EXERCISE DETAILS: Copy exactly the stretch of data below from the line with "Music makes me" through the line with "Mens 32 Gurkha", including both of those lines.

DATA TO PROCESS:
========================================
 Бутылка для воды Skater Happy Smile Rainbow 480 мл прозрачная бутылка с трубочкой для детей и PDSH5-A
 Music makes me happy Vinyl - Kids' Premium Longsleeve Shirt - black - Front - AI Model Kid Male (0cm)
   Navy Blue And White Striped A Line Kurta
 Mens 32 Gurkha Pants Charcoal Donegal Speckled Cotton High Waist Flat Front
========================================
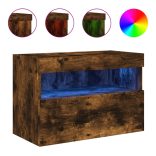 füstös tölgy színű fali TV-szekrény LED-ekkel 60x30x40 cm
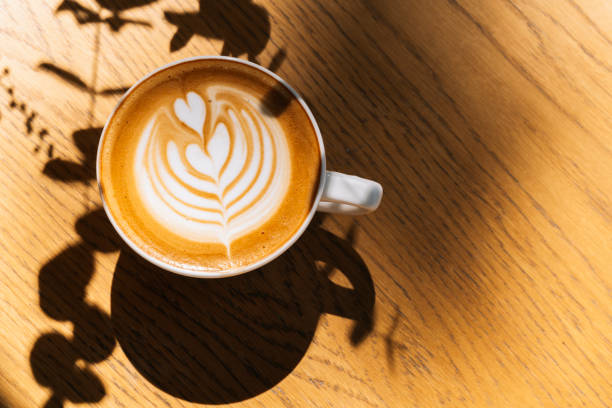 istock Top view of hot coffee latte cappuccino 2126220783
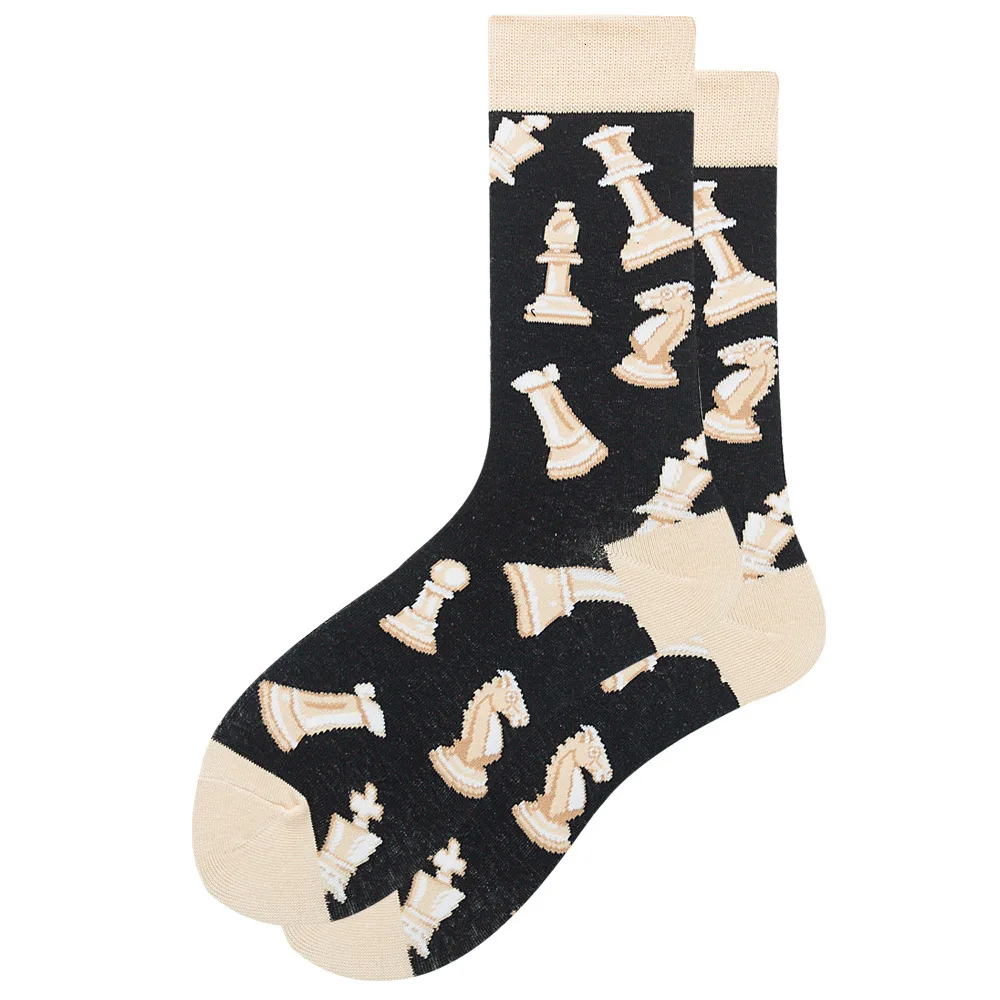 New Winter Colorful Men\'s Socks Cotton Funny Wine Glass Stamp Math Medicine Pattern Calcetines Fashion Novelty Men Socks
========================================
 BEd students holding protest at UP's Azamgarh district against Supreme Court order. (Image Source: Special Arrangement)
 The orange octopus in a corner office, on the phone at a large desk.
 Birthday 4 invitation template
========================================
SOLUTION FOR THIS TASK:
 Music makes me happy Vinyl - Kids' Premium Longsleeve Shirt - black - Front - AI Model Kid Male (0cm)
   Navy Blue And White Striped A Line Kurta
 Mens 32 Gurkha Pants Charcoal Donegal Speckled Cotton High Waist Flat Front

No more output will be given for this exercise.